Example. Let $\mathbb{Q}_8=\{\pm 1,\pm, i, \pm j, \pm k\}$ where $1,i,j,k$ satisfy the multiplication laws
\begin{align*}
1^2&=1,\ i^2=j^2=k^2=-1,\\
ij&=-ji=k,\ jk=-kj=i,\ ki=-ik=j.
\end{align*}
Then $\mathbb{Q}_8$ forms a nonabelian group. There are four subgroups of $\mathbb{Q}_8$:
\begin{align*}
\langle -1\rangle&=\{1,-1\},\\
\langle i\rangle&=\{1,-1,i,-i\},\\
\langle j\rangle&=\{1,-1,j,-j\},\\
\langle k\rangle&=\{1,-1,k,-k\}.
\end{align*}
All these subgroups are normal subgroups of $\mathbb{Q}_8$, so $\mathbb{Q}_8$ is Hamiltonian. Note that $1,i,j,k$ form a 4-dimensional algebra of quaternions over $\mathbb{R}$ $$\mathbb{H}=\{a1+bi+cj+dk:a,b,c,d\in\mathbb{R}\}.$$ The real algebra of quaternions $\mathbb{H}$ is identified with the 4-dimensional Euclidean space $\mathbb{R}^4$.

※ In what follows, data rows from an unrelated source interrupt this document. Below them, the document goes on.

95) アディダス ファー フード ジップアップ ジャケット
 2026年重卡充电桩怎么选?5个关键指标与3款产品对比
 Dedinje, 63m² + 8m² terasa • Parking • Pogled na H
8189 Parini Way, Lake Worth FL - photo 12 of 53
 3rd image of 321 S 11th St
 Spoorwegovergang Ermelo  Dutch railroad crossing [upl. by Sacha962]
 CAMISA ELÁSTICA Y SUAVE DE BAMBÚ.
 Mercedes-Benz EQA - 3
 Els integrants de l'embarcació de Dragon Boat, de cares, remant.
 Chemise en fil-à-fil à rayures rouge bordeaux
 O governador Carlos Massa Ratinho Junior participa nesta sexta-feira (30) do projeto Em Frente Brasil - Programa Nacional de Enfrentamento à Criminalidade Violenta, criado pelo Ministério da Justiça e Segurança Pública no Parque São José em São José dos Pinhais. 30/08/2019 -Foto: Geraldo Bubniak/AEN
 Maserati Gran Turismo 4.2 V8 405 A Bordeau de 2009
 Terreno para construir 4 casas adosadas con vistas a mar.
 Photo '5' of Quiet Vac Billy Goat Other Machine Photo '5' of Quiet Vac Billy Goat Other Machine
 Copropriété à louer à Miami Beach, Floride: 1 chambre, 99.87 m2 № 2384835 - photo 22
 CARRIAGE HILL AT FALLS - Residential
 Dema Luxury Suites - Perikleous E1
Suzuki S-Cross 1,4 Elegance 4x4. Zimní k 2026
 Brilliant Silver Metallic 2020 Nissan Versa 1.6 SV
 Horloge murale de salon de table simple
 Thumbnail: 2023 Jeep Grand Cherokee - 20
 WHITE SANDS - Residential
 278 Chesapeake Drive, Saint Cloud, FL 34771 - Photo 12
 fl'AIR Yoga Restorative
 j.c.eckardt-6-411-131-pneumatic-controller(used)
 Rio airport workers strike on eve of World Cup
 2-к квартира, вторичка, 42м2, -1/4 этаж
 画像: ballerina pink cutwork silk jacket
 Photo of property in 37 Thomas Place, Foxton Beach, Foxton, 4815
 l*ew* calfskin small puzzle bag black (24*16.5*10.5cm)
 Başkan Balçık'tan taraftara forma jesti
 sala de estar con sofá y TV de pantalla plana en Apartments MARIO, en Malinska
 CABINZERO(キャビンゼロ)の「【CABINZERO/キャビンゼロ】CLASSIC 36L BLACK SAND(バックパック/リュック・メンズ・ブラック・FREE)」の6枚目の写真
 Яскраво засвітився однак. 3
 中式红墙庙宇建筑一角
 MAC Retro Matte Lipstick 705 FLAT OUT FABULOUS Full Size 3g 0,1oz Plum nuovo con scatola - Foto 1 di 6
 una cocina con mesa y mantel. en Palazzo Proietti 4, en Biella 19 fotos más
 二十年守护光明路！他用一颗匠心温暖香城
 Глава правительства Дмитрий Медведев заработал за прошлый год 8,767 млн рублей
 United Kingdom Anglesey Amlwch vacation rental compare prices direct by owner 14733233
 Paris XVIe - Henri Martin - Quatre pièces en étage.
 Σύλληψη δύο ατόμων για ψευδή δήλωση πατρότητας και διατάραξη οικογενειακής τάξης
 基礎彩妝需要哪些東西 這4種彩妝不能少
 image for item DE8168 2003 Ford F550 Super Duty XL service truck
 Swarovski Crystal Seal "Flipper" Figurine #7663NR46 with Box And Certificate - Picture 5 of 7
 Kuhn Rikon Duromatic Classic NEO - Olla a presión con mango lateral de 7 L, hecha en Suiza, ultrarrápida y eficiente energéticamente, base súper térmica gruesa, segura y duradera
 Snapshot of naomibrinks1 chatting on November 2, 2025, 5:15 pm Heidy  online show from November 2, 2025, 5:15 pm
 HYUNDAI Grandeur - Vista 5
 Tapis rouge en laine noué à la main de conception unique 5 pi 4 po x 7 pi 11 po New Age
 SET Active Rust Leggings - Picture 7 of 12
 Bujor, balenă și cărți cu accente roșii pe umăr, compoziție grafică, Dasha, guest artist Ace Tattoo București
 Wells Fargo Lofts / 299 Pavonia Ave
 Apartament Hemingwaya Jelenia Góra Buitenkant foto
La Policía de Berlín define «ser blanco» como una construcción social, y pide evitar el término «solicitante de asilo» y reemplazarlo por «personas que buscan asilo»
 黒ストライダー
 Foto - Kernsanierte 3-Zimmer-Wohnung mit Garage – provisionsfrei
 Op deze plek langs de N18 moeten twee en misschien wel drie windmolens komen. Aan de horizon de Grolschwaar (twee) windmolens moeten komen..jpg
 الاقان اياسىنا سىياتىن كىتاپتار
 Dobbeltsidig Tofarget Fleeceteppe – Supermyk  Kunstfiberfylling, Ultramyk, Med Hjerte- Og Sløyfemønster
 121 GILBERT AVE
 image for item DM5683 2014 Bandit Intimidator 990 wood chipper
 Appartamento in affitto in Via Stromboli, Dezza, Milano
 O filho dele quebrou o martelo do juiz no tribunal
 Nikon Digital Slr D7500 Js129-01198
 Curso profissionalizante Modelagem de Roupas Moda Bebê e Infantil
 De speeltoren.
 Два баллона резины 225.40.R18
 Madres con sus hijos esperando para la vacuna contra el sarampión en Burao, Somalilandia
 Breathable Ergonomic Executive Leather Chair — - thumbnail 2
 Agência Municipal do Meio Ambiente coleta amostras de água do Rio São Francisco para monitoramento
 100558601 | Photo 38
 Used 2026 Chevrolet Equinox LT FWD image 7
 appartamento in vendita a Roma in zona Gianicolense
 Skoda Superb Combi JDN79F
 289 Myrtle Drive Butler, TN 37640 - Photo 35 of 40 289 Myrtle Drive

Recall that the index $|G:H|$ of a subgroup $H$ in $G$ is the number of right cosets of $H$ in $G$ or equivalently the number of left cosets of $H$ in $G$ as discussed here.

Theorem. Let $G$ be a group and $N\leq G$. If $|G:N|=2$ then $N\vartriangleleft G$.

Proof. Let $a\in G$. If $a\in N$, $aN=Na$. Now suppose that $a\in G\setminus N$. Then
$$N\cap Na=\emptyset=N\cap aN.$$
Furthermore, since $G=N\cup Na=N\cup aN$, $Na=Na$.

Example. Recall that $|S_n|=n!$ and $|A_n|=\frac{n!}{2}$. Since $|S_n:A_n|=2$, $A_n\vartriangleleft S_n$.

Remark. The converse of the above theorem need not be true, namely the index $|G:N|$ of a normal subgroup $N$ in $G$ is not necessarily 2. The 4th dihedral group (we introduced it here)
$$D_4=\{1,\sigma,\sigma^2,\sigma^3,\tau,\sigma\tau,\sigma^2\tau,\sigma^3\tau\}$$
has the following nontrivial subgroups:
\begin{align*}
&\{1,\sigma^2,\sigma\tau,\sigma^2\tau\},\ \{1,\sigma,\sigma^2,\sigma^3\},\ \{1,\sigma^2,\tau,\sigma^2\tau\},\\
&\{1,\sigma^3\tau\},\ \{1,\sigma\tau\},\ \{1,\sigma^2\},\ \{1,\tau\},\ \{1,\sigma^2\tau\}.
\end{align*}
The subgroups of order 4 are normal subgroups of $D_4$ because their indices are 2. The center of $D_4$ is $\{1,\sigma^2\}$, so it is also a normal subgroup of $D_4$. However, $|D_4:Z(D_4)|=4$. The rest of nontrivial subgroups are not normal subgroups of $D_4$.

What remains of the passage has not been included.